Tufts and Harvard Pilgrim executives said their three-tiered pharmacy programs already are having an impact on costs. But executives at all of the plans said the higher fees demanded by doctors and hospitals have eaten up some of those savings. ''The overwhelming issue for everyone will be the Partners agreement,'' said Bruce Bullen, Harvard Pilgrim's chief operating officer. The agreement was announced yesterday.
Tufts executives said the plan's costs also are rising in the following areas: injectible drugs manufactured by biotechnology companies, including drugs for multiple sclerosis that cost $10,000 a month per patient; cancer drugs; radiology tests such as magnetic resonance imaging; hospital stays at the more expensive academic medical centers; and ear surgery for children and carpal tunnel surgery for adults.
In a preliminary survey of 2002 rates, benefits consultant Hewitt Associates said health plans are demanding 20 percent increases in the Midwest, 17 percent increases in the West and Southeast, and 15 percent increases in the Northeast.
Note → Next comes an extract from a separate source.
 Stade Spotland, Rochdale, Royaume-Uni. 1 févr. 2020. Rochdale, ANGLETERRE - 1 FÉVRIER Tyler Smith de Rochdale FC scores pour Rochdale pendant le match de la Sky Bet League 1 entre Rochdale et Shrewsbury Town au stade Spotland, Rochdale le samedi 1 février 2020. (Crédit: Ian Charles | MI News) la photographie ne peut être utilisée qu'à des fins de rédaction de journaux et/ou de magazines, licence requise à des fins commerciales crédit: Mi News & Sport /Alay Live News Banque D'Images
Companies will try to negotiate down these initial price quotes.
Robert Kennedy, Hewitt's practice leader for health and welfare in Boston, said increases in the Northeast are slightly lower because more people belong to managed-care plans
. In Massachusetts, 52 percent of residents belong to managed-care plans, compared to 29 percent nationally, according to 1998 state figures.
''We're keeping a lid on costs a little bit longer,'' he said. ''We do have folks vested in managed care here. It's efficient, but it's started to erode.''
Health plan executives said they are developing new programs to control costs again, including a wider range of products that would offer employers more options between low-cost plans limiting the choice of doctors and hospitals, and higher-cost plans with wide choice.